When deer roam into the Horticultural Research Center at the University of Minnesota Arboretum and chew on the ends of tree branches, they can set fruit-breeding efforts back by years.

To help prevent deer from making a buffet out of the center's orchards, which are home to a flagship apple-breeding program, the arboretum is constructing fences on the property's northern boundary.

Over the three decades he has done research at the center, Jim Luby said he has seen the local deer population expand with the area's suburbs, which push out predators and provide ample sources of food.

"They can just go down a row of small trees and do a lot of damage," said Luby, director of the U's fruit crops breeding project. Some of the center's new fencing is going up on recently acquired land, he said.

The additional fencing is part of a continual effort to keep deer out of the gardens, plant collections, orchards, prairies and wetlands on the university property in Chanhassen.

The project is being paid for with capital campaign funds, said Peter Moe, director of operations at the arboretum. The two fences will cover about 7,000 feet and will cost $88,400, he said.

University researchers have bred apples, grapes and other fruits at the center for more than a century. In this time, they have produced 27 varieties of apples, including the popular Honeycrisp and SweeTango.

Deer cause trouble for researchers year-round by disrupting fruit growth, said apple breeder David Bedford. This prevents scientists from taking measurements and making crosses.

"By eating the ends of the limbs … it changes the hormonal balance of those trees," he said. "It affects the tree's ability to bear fruit."

Without deer involved, it can take breeders anywhere from 20 to 30 years to develop a new variety of apple, Bedford said. Add deer into the mix, and it's another 10 years on top of that.

Researchers have used deer fences at the site for years and have found them to be the most effective way to keep deer away, he said. Though older electric fencing is still used at the center, newer fences are made of woven wire meshes, and have openings large enough to let smaller animals like wild turkeys through.

Along with safeguarding research, reducing the arboretum's deer population can help regenerate native trees and wetlands, Moe said, and increase the number of wildflowers.
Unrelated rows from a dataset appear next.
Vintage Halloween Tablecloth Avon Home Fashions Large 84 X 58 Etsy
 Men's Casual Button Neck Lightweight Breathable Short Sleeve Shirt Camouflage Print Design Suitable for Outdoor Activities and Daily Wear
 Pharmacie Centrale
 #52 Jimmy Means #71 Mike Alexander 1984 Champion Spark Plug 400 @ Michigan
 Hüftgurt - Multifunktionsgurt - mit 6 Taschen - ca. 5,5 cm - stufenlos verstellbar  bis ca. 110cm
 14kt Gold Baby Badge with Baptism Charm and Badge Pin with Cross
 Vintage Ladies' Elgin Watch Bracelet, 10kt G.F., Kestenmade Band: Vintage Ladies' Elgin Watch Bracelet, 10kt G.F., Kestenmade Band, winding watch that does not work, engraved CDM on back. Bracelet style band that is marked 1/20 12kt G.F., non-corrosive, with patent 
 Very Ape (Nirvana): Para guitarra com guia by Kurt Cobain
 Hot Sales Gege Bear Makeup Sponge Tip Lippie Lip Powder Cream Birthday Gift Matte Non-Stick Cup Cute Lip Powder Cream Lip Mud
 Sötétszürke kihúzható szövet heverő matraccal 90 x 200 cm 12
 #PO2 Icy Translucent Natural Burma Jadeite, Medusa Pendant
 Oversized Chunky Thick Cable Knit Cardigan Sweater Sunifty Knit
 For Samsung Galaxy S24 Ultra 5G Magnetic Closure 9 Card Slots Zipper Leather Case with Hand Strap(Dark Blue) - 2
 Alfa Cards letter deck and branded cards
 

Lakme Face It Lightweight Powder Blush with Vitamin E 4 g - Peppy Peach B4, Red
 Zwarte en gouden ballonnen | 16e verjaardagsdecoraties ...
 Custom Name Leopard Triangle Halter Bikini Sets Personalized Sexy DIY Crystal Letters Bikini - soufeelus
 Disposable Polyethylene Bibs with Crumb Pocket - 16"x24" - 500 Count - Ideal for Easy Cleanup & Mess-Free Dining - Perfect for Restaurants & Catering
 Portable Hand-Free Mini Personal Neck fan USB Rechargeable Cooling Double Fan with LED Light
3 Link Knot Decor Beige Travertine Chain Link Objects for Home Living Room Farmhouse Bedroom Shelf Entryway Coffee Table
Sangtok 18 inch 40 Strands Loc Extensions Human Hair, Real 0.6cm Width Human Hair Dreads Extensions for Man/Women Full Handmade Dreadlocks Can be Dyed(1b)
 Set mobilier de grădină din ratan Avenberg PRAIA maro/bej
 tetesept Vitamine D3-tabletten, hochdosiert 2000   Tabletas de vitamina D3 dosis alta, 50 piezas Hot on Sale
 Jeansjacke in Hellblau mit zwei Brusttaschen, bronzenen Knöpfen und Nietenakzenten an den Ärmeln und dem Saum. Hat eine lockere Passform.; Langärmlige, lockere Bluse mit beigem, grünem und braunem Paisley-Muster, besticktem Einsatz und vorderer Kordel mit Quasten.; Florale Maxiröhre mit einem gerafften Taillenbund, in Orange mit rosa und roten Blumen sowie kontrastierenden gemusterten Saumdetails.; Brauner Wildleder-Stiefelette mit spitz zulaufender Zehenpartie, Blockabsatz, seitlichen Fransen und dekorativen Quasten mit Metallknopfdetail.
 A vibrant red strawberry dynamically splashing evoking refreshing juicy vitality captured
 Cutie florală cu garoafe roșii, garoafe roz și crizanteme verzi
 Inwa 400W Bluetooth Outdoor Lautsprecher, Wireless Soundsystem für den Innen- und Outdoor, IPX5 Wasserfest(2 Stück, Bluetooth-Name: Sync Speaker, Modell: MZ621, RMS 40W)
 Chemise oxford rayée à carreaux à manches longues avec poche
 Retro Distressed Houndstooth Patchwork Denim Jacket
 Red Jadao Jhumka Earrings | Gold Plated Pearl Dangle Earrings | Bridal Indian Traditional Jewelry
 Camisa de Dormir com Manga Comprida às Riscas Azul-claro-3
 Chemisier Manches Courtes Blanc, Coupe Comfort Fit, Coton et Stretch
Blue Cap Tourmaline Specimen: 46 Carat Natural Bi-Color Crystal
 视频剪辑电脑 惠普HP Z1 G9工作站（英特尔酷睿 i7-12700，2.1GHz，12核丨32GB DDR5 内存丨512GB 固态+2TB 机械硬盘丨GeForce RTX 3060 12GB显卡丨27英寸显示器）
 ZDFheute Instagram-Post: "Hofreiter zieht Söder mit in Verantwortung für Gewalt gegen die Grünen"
When the arboretum put up a $260,000 fence along its southern boundary in 2013, it caused an outcry from residents living across the street, who felt it clashed with the location's natural aesthetic.

That kind of controversy shouldn't be an issue with the new fences, Moe said, because they're not next to residential areas.

Moe said the deer population has typically been around 40 to 50 animals. The southern fences brought that number down to about 25 deer this year, he said.

For researchers, managing the deer population is one way they can control how natural phenomena impact their work, Bedford said.

"This is just about the most humane way you can control an animal," he said.

Parker Lemke is a University of Minnesota student on assignment for the Star Tribune.